Use Natchez tracing more generically with cats-tagless

Natchez Tagless

Semi-automatically derive Natchez trace instrumentation for algebras supported by cats-tagless.

Concepts

All the examples below have the following imports:

import cats._, cats.syntax.all._, cats.effect._, cats.tagless._, cats.tagless.aop._, cats.tagless.syntax.all._, cats.effect.std._, cats.effect.unsafe.implicits.global, natchez.Trace.Implicits.noop, com.dwolla.tracing._

Programs as Values

Each instance of a Cats Effect IO is essentially a little program—this is the core of the concept of "programs as values." If we have an IO[Int], that represents a program that will result in an Int value being calculated when it's run.

scala> val x: IO[Int] = IO(45 - 3)
val x: cats.effect.IO[Int] = IO(…)

scala> x.unsafeRunSync()
val res0: Int = 42

It isn't until we actually run the x program that the result is calculated and 42 is returned. You could think of this as being similar to how there are lots of programs on your computer that will perform calculations and return results when executed—but not before!

Capturing Metadata

So an IO[_] is a program that can be run to yield a value or perform some effect in the world. Since we can assign it to variables, we could theoretically stick it inside another class that contains metadata about the program:

scala> case class IOMetadata(name: String, value: IO[Int])
class IOMetadata

scala> val metadata = IOMetadata("the answer", x)
val metadata: IOMetadata = IOMetadata(the answer,IO(…))

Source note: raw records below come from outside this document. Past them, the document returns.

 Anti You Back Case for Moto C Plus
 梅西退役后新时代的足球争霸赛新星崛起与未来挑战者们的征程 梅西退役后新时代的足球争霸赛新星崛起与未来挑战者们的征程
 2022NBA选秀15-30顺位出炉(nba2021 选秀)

(Note that the string representation of the metadata variable printed to the console by the REPL shows the actual value of the name field, but the value field is shown as IO(…) since it hasn't been calculated yet.)

Use the Metadata to Enhance the Original Program

Maybe we want to always print the name of the program before executing our value: IO[_]. We could convert the IOMetadata into another IO that combines the two effects, first printing the name, and then calculating the value:

def printNameAndThenCalculate(m: IOMetadata): IO[Int] =
  IO.println(m.name) >> m.value

We can apply this to our metadata: IOMetadata value from above, and then execute it (because again, none of the IO values are actually executed until we run them!):

scala> val xWithName: IO[Int] = printNameAndThenCalculate(metadata)
val xWithName: cats.effect.IO[Int] = IO(…)

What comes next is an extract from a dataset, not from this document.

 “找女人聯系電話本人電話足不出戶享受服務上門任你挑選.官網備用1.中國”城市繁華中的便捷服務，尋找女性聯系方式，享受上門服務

scala> xWithName.unsafeRunSync()
the answer
val res1: Int = 42

Or, if we have a Trace[IO] in scope, we could use the metadata to help define a new span in which to run the program:

def traceWithIOMetadata(m: IOMetadata): IO[Int] =
  Trace[IO].span(m.name)(m.value)
scala> traceWithIOMetadata(metadata)
val res2: IO[Int] = IO(…)

What if we don't always want to calculate Int values? We can tweak the definitions above so that they'll work with any type:

case class IOMetadata[A](name: String, value: IO[A])

def printNameAndThenCalculate[A](m: IOMetadata[A]): IO[A] =
  IO.println(m.name) >> m.value
scala> val metadata = IOMetadata("say hello", IO("hello").flatTap(IO.println(_)))
val metadata: IOMetadata[String] = IOMetadata(say hello,IO(...))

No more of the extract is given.